__WORK REQUEST__
Nothing should appear in the answer except the lines below from the line containing "Property at 4384" through the line containing "Building Photo - 4115 4th Ave S", copied exactly, with pictures left out.

__INFORMATION SHOWN__
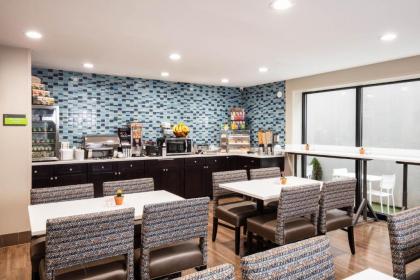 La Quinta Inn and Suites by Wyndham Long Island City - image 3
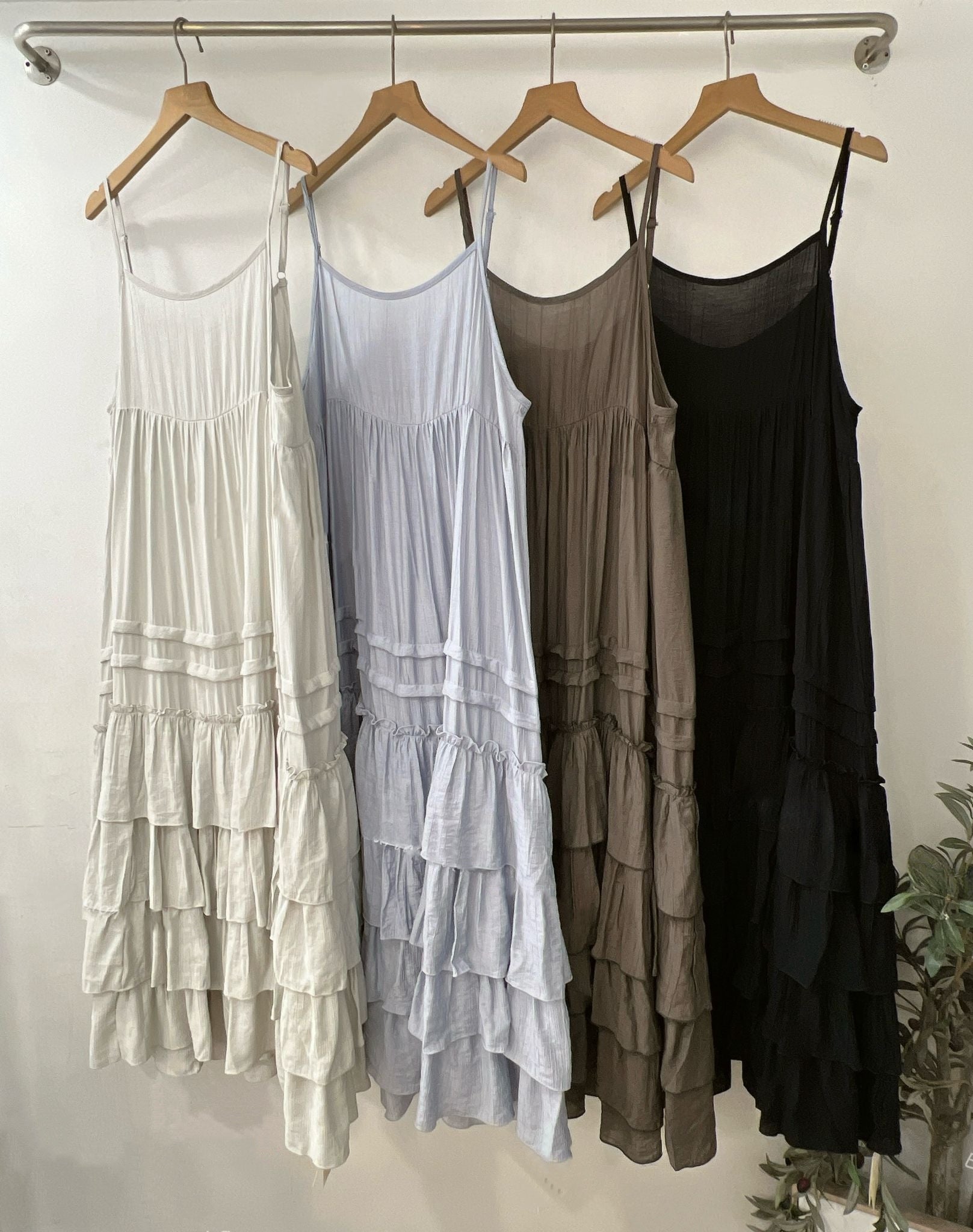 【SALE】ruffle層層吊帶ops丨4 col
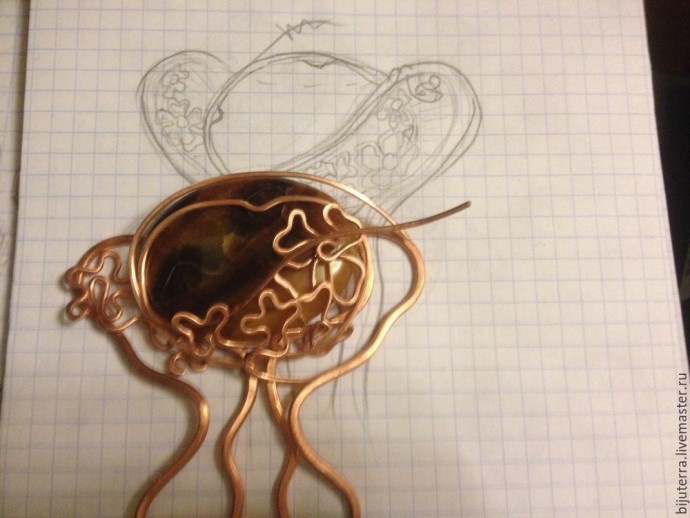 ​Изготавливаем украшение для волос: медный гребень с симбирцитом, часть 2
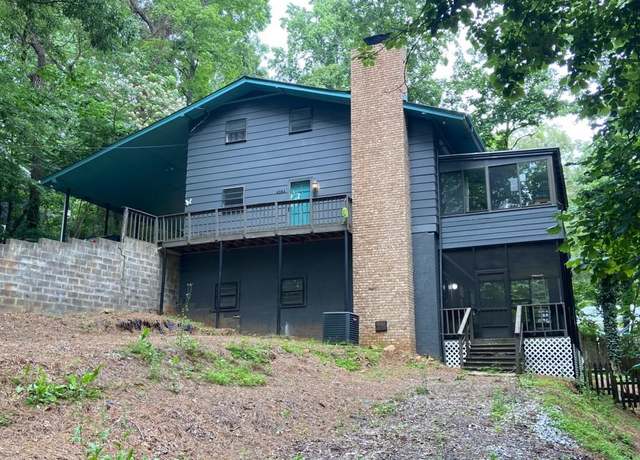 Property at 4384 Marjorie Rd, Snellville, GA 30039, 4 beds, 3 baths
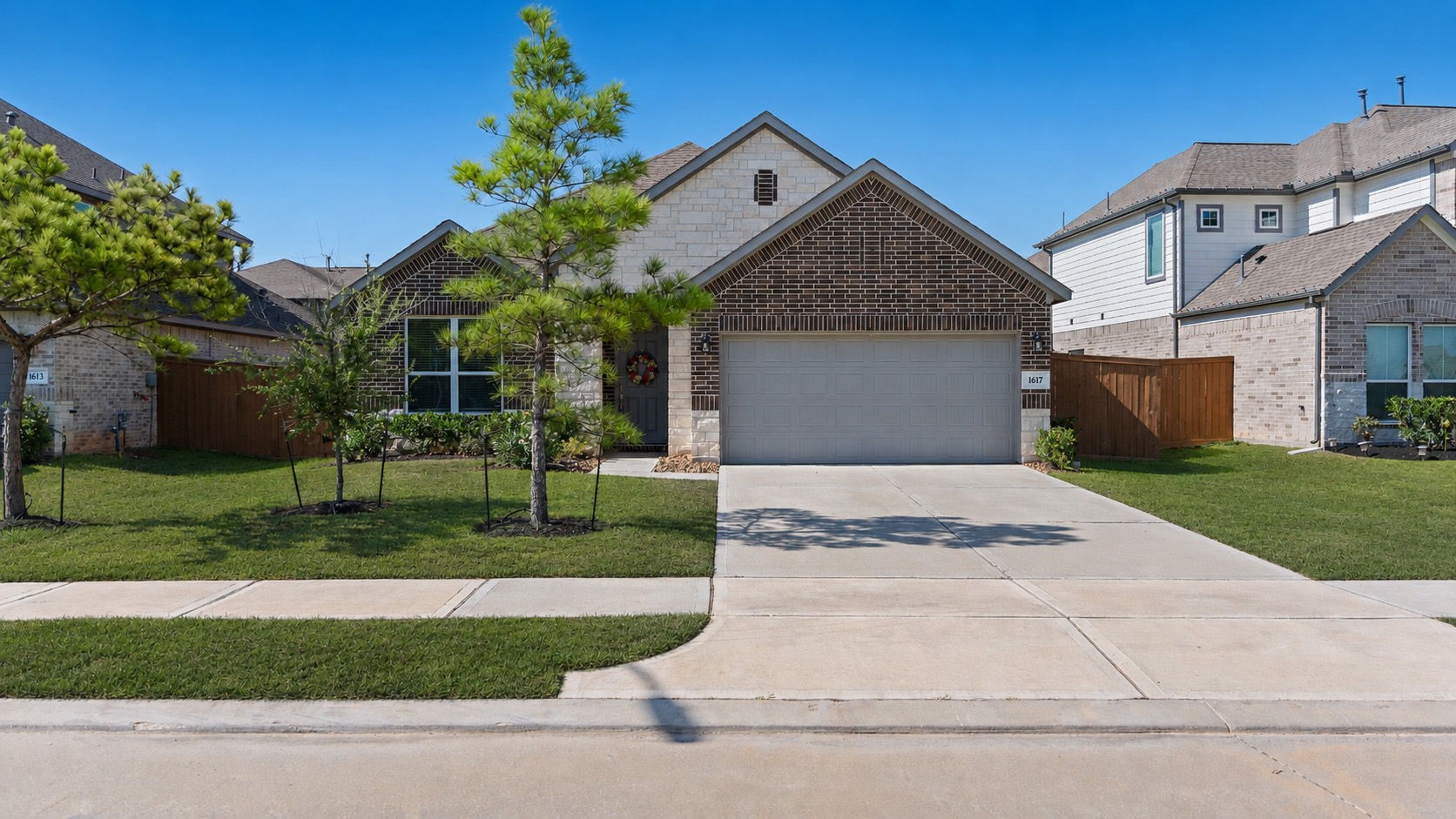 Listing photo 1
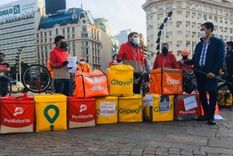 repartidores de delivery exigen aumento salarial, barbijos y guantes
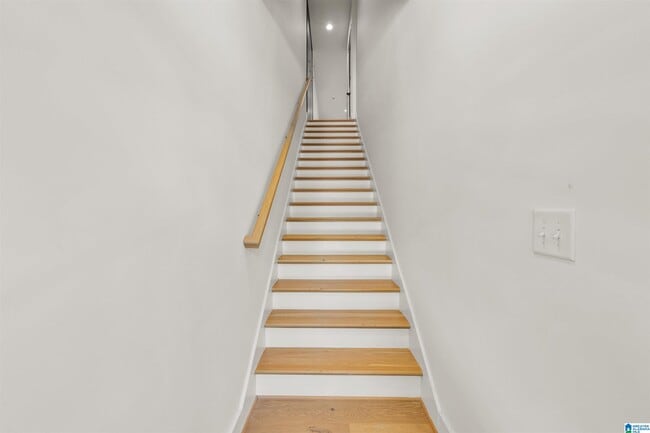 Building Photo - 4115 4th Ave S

* * *

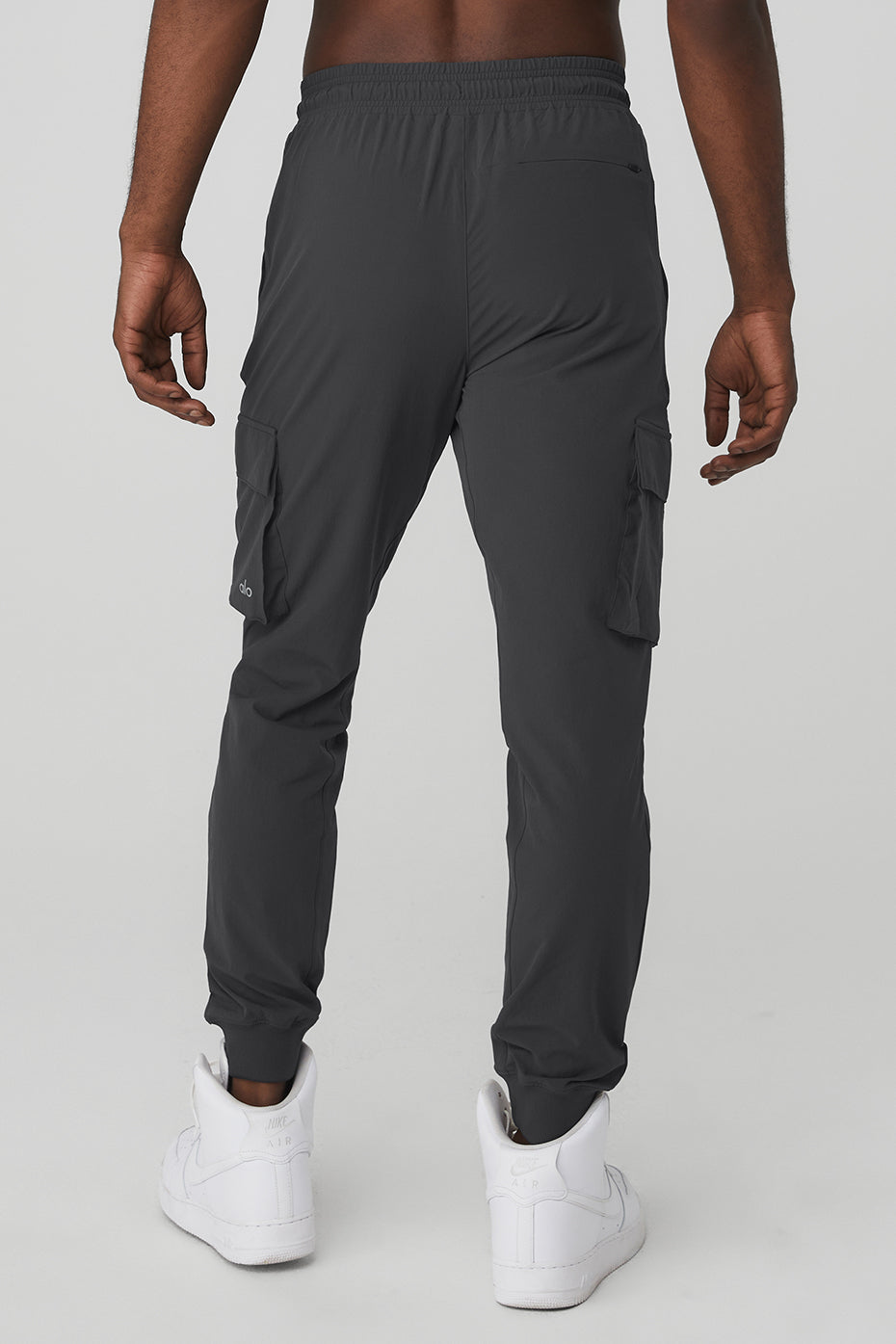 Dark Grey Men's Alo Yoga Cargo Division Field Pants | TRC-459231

__OUTPUT FOR THIS EXERCISE__
 Property at 4384 Marjorie Rd, Snellville, GA 30039, 4 beds, 3 baths
 Listing photo 1
 repartidores de delivery exigen aumento salarial, barbijos y guantes
 Building Photo - 4115 4th Ave S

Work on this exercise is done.